▶ [Instructions for the task] Repeat the data word for word. Do not include the pictures.

▶ [Provided material]
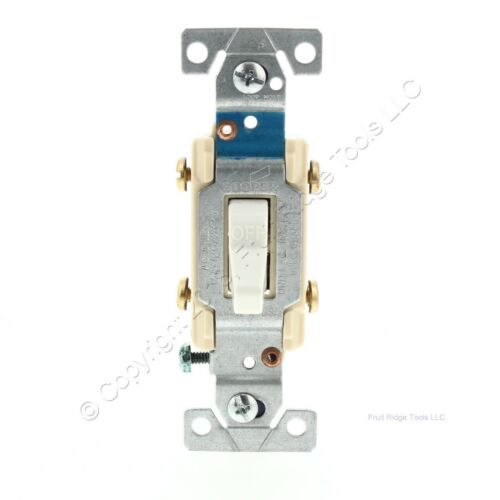 Cooper White Heavy Duty Grounding Double Pole Toggle Switch 15A 120/277V 1262-1W - Afbeelding 1 van 5
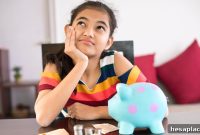 7 Money Lessons Financial Experts Wish They’d Learned in High School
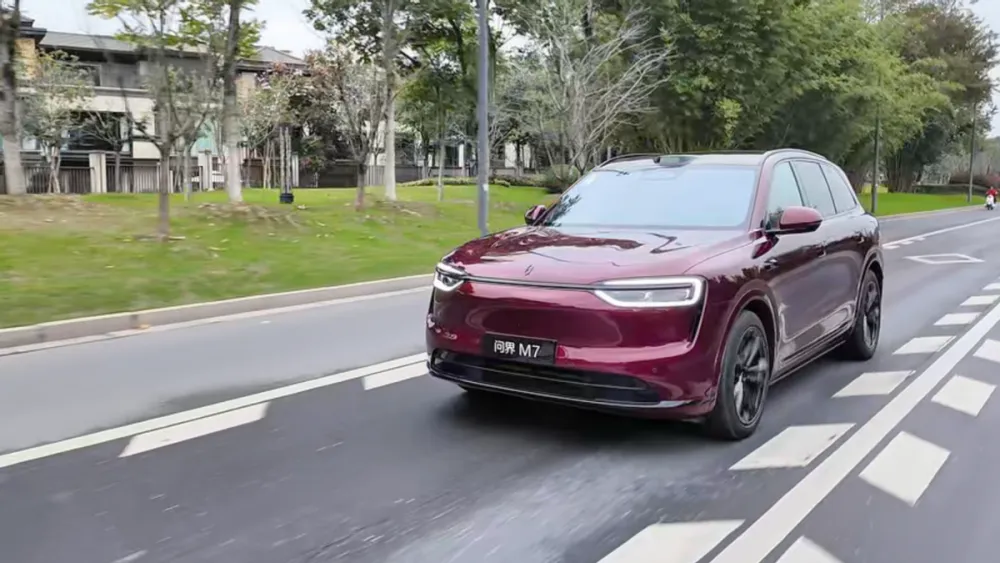 全新问界M7试驾：华为智驾秒变老司机，1625km续航无焦虑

▶ [Problem solution]
 Cooper White Heavy Duty Grounding Double Pole Toggle Switch 15A 120/277V 1262-1W - Afbeelding 1 van 5
 7 Money Lessons Financial Experts Wish They’d Learned in High School
 全新问界M7试驾：华为智驾秒变老司机，1625km续航无焦虑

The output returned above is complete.